緊急事態宣言のさらなる延長が視野に入ってきている。当初の予定通り、少なくとも6月いっぱいは厳しい状況となるので、改めて自施設の戦略を最終調整してほしい。
さて、そのような中で期待されているのが、地域観光事業支援(俗称ミニGo To)である。ミニGo Toが、どんな支援かというと、Go To再開までのつなぎ支援策のような位置づけである。その特徴は三つある。(1)県内発着の旅行を対象とすること(2)感染状況がステージ2以下の都道府県で対象となること(3)補助金額は1人1泊最大5千円、地域クーポン2千円であること―である。

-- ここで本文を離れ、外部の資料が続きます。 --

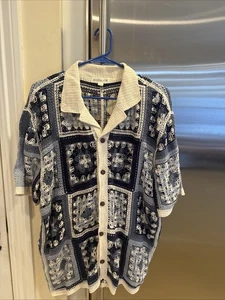 Herren MORSECODE Häkel Pullover Kleid Urlaub Shirt Größe XL Neu mit Etikett - Bild 1 von 5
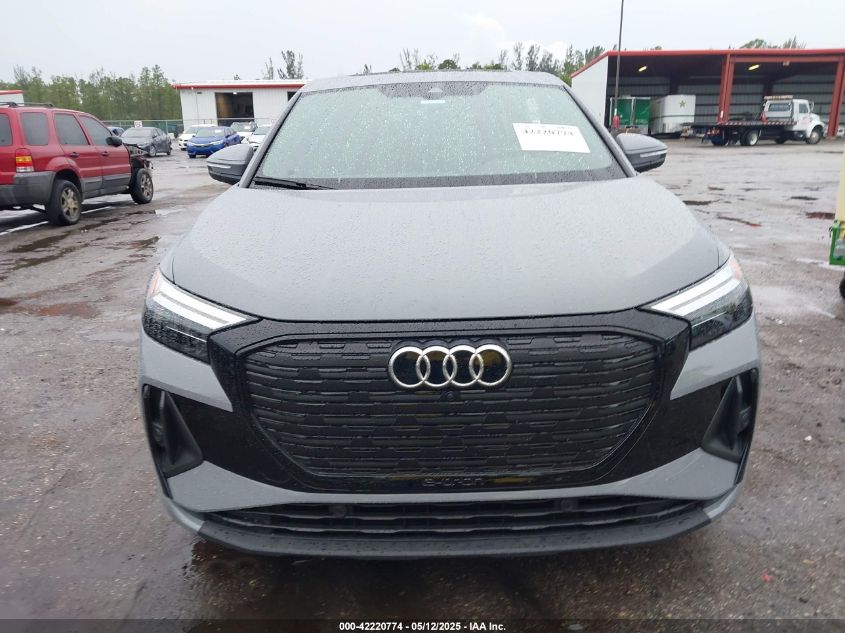 2025 Audi Q4 Sportback E-Tron Premium 55 Quattro VIN: WA12UBFZ8SP001531 Lot: 42220774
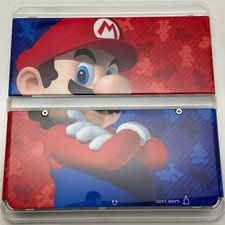 New Nintendo 3DS Kisekae Cover No.069 Mario Face Plates Top Bottom Japan F/S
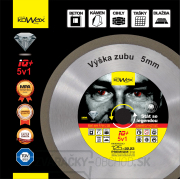 KOWAX® IQ+ 5v1 125x2,2x22,2x5mm DIAMANTOVÝ CELOOBVODOVÝ kotúč rezný Náhľad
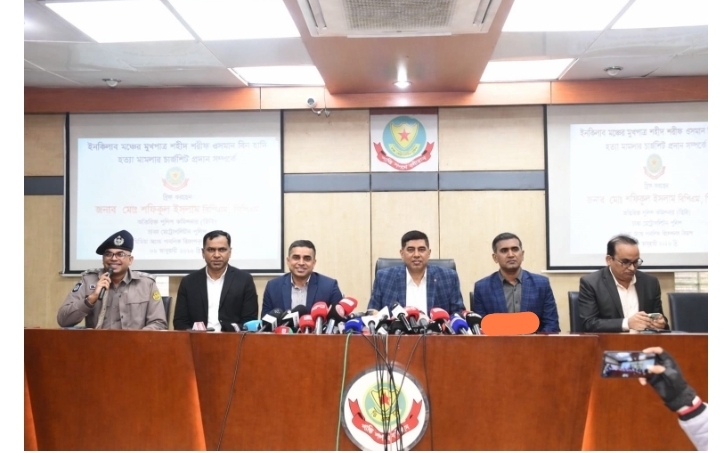 ইনকিলাব মঞ্চের মুখপাত্র শহীদ শরীফ ওসমান বিন হাদি হত্যা মামলায় ১৭ (সতেরো) জনের বিরুদ্ধে চার্জশিট দাখিল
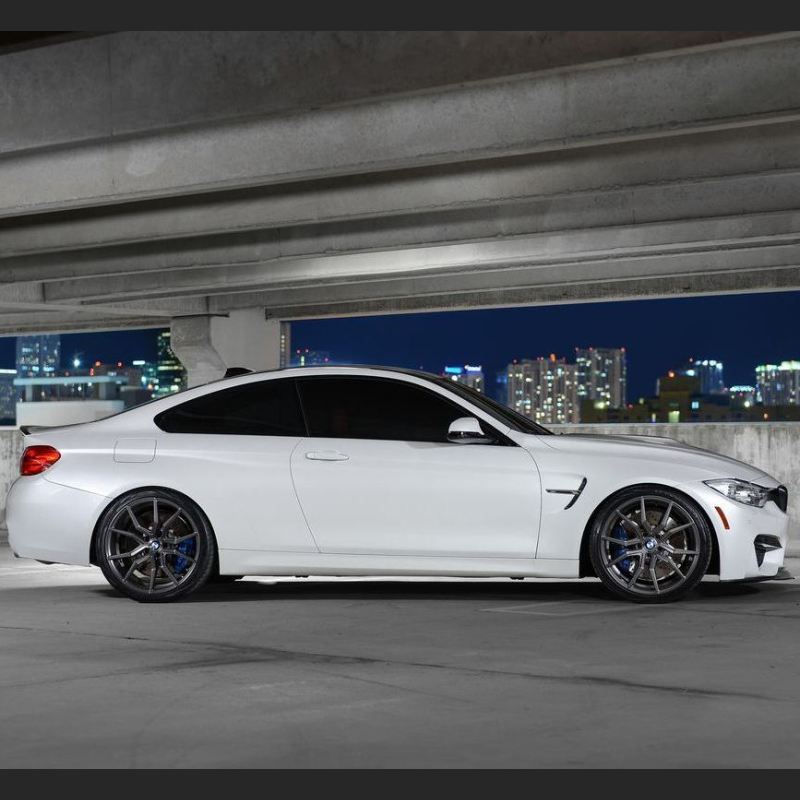 Ravoony Plus Satin White Car Wrap BMW M4 Wrap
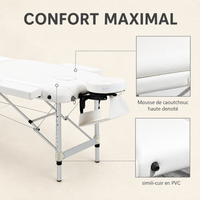 Blanc | Table de massage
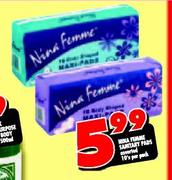 Nina Femme Sanitary Pads Assorted-10's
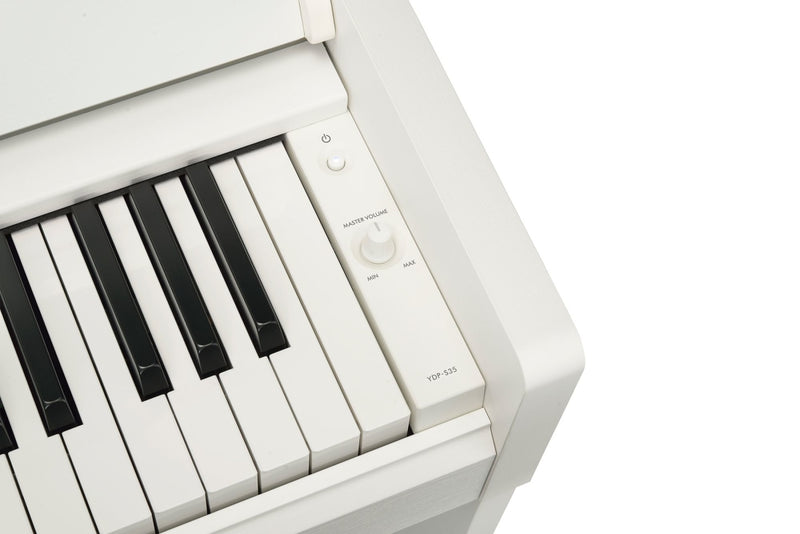 YAMAHA YDPS35 WH SET DIGITAL PIANO - Yamaha YDP-S35 Arius 88-Key Slim-Body Digital Piano with Stand and Bench - White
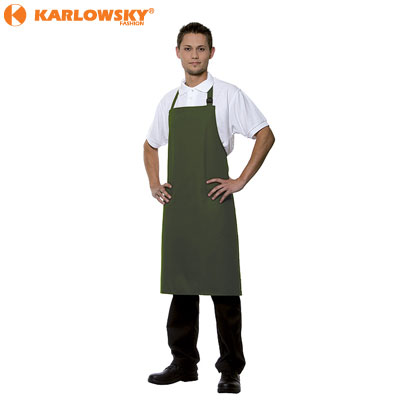 Bib apron - Malaga - olive green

しかしながら、現在この事業を実施できている都道府県は秋田県、山形県、山梨県、島根県、鳥取県など数えるほどしかなく、なかなか支援の輪が広がっていないのが実情である。そこで、4月30日に観光庁より「地域観光事業支援の対象期間の延長及び前売り宿泊・旅行券を活用した県民割への支援の明確化について」というリリースがなされた。概要は大きく分けて二つである。(1)5月31日までとされていた本事業の支援期間が12月31日宿泊分まで延長されたこと(ただし、8月31日までに予約、販売された旅行であること)(2)将来使用することのできる前売り券の販売についても補助対象とすること。

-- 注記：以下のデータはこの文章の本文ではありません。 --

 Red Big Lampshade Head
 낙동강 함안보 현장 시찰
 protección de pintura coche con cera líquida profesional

現状においては(2)の意味合いは大きい。ステージ2に至らず、旅行補助ができなくとも前売り券が販売できる形であれば、資金繰りの助けとなるからである。実際、このモデルでスタートしているのは長野県のみであるが、各事業者200枚限定販売という形ではあったが、順調な売れ行きを見せている。やはり、お得になる何かは人を動かす動機付けとなっている。

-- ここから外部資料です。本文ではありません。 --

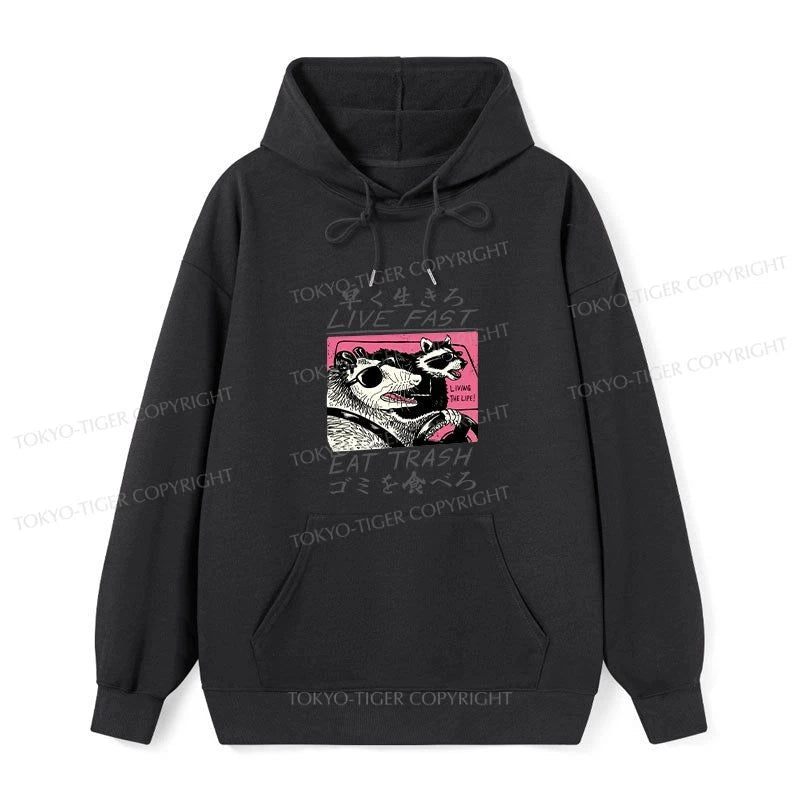 Tokyo-Tiger Live Fast Eat Trash Classic Hoodie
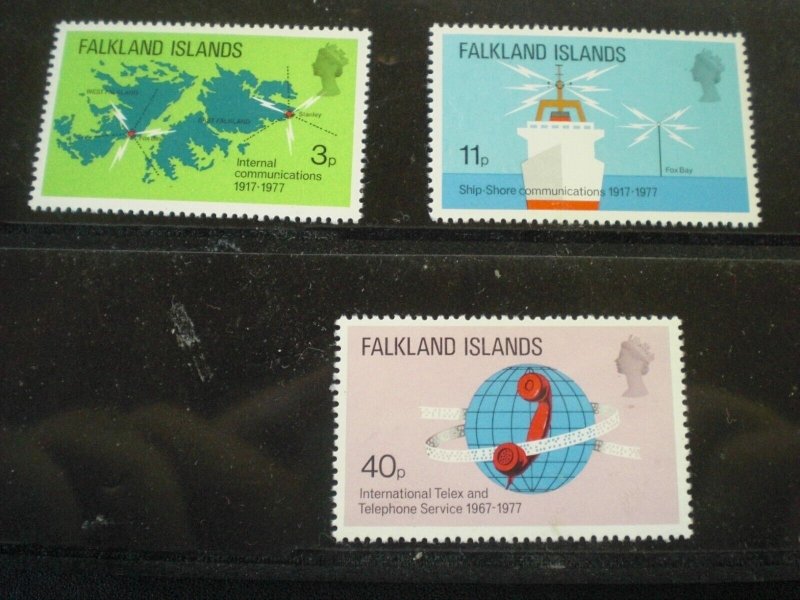 Falkland Is. 1977, Telecommunications, Scott 257-9 MNH  zn 75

今後、全国展開も想定されるので、長野県のモデルは一つの参考ケースとしてチェックしておくことをお勧めする。前売り券に取り組む際は、今までの国や自治体が中心となり発行をしてくれて、待ちの営業スタイルでよかった点とは一線を画するので、しっかりと計画的に販売戦略を立てていきたい。
ワクチン接種が進む中で、もう少しの辛抱であるので、このようなさまざまな支援策を活用して何とかしのいでほしい。